▶ _TASK STATEMENT_
The required result is every line of the records that includes "Leather".
──────
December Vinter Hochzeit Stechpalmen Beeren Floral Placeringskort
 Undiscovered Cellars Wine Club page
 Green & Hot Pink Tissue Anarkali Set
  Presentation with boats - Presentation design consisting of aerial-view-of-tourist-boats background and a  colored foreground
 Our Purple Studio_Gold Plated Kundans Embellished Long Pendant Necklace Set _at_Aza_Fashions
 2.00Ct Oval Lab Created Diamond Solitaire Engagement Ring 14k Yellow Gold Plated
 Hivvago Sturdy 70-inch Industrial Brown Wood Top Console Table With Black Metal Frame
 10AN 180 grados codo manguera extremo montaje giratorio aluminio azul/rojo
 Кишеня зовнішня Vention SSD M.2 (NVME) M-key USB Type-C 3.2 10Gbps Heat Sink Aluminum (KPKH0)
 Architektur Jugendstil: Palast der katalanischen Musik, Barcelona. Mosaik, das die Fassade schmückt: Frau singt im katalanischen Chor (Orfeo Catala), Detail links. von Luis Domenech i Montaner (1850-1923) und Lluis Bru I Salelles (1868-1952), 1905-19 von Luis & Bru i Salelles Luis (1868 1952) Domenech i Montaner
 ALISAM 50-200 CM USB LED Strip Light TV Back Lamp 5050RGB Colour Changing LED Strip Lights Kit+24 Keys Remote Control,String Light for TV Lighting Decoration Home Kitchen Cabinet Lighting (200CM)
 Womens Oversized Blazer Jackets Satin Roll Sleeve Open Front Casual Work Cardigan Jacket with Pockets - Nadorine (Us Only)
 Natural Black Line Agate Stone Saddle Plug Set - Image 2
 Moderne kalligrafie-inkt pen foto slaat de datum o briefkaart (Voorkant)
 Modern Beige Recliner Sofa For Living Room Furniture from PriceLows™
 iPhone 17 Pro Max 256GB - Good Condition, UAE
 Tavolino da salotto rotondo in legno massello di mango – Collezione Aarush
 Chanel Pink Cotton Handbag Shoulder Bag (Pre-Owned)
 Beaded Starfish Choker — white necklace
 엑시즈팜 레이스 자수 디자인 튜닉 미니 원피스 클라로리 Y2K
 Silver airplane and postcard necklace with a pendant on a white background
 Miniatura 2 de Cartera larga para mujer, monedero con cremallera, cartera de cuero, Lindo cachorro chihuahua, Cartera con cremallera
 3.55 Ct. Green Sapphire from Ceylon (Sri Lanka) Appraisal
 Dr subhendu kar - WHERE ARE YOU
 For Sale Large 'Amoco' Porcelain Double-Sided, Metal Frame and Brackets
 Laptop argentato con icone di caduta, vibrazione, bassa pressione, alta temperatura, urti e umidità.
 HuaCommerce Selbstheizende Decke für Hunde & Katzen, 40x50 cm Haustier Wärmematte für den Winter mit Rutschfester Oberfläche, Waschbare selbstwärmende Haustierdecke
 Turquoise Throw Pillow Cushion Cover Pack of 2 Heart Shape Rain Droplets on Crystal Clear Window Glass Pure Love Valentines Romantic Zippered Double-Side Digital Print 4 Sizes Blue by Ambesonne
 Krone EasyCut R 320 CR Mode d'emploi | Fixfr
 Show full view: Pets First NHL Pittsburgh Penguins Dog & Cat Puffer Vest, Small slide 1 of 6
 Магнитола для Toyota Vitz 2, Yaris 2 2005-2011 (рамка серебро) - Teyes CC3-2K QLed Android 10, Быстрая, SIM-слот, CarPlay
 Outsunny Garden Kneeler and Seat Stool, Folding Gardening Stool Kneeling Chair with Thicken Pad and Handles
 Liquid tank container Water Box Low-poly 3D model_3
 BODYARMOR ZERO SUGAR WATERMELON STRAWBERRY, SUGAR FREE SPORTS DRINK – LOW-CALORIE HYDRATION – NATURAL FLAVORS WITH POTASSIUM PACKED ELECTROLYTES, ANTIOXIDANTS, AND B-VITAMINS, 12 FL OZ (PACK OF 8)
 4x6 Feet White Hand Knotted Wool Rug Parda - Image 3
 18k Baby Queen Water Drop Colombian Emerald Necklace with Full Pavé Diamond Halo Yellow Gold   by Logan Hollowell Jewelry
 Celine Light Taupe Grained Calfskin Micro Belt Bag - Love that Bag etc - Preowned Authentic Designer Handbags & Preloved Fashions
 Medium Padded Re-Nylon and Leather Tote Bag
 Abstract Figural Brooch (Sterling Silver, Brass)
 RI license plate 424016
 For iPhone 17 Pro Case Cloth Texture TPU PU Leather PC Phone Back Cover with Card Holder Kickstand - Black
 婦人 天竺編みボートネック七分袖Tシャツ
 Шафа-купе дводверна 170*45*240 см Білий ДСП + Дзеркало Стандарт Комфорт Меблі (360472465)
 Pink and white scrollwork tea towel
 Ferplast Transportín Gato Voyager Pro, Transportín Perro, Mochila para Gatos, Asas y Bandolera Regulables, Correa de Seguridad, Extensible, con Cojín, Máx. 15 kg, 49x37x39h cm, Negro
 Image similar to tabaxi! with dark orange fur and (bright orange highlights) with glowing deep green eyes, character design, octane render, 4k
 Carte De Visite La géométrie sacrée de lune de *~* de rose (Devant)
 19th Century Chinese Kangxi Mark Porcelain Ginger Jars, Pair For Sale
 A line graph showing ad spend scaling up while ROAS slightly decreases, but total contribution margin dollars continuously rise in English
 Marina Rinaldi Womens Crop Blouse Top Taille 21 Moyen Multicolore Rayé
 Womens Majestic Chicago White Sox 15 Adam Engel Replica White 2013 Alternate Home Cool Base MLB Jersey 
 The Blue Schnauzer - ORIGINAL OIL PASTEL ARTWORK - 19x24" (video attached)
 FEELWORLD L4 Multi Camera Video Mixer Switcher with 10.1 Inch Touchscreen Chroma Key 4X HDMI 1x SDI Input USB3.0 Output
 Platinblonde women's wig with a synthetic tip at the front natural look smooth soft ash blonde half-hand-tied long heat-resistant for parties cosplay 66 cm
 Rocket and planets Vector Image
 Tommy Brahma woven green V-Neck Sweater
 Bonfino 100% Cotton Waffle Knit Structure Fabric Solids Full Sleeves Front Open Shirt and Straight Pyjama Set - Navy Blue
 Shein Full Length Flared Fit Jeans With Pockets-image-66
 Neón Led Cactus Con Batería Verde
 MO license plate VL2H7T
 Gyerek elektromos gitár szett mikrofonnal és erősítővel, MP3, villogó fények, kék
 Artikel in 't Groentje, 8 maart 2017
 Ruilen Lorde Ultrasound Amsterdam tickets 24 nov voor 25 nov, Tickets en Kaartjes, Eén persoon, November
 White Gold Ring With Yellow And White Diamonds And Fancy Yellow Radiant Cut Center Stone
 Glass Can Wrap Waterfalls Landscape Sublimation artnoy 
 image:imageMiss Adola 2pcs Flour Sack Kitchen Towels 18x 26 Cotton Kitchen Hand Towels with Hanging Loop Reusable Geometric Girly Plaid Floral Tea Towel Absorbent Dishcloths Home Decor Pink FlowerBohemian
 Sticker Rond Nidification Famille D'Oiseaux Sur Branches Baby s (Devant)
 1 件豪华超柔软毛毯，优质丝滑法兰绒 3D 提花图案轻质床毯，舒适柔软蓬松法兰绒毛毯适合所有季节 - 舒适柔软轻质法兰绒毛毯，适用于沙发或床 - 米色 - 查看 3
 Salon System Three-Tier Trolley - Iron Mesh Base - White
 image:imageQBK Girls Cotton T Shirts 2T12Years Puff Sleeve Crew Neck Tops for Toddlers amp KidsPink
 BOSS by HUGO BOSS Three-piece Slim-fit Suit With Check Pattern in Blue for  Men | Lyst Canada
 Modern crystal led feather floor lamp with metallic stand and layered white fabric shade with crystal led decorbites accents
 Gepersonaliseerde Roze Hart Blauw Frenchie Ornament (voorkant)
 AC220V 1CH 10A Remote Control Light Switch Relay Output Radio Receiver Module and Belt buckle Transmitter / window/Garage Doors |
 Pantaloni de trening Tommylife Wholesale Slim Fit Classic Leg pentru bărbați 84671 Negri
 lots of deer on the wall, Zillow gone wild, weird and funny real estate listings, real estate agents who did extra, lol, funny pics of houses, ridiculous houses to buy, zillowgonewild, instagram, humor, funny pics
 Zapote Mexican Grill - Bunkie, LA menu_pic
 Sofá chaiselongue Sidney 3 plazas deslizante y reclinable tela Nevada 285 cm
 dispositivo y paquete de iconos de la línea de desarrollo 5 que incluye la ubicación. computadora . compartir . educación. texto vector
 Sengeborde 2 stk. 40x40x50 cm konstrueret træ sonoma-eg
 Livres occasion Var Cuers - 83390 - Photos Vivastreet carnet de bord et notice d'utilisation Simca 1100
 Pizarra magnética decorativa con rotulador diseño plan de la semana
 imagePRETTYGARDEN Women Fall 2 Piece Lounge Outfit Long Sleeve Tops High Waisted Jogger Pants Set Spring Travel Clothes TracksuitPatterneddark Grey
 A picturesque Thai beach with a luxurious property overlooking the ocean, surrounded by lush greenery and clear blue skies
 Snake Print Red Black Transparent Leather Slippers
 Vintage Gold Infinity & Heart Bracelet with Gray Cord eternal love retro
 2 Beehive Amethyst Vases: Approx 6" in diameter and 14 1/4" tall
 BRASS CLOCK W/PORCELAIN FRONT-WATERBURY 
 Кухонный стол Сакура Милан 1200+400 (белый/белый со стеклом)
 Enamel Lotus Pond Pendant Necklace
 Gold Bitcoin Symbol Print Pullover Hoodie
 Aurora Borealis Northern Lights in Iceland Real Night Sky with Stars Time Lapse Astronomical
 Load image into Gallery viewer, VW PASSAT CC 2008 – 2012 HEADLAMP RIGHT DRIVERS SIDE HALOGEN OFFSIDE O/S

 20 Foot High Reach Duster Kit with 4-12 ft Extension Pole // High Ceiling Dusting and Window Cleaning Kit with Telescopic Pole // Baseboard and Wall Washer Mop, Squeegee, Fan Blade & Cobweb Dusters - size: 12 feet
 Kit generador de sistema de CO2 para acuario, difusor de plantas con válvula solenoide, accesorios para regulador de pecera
──────
▶ _ANSWER SPACE_
 Medium Padded Re-Nylon and Leather Tote Bag
 For iPhone 17 Pro Case Cloth Texture TPU PU Leather PC Phone Back Cover with Card Holder Kickstand - Black
 Snake Print Red Black Transparent Leather Slippers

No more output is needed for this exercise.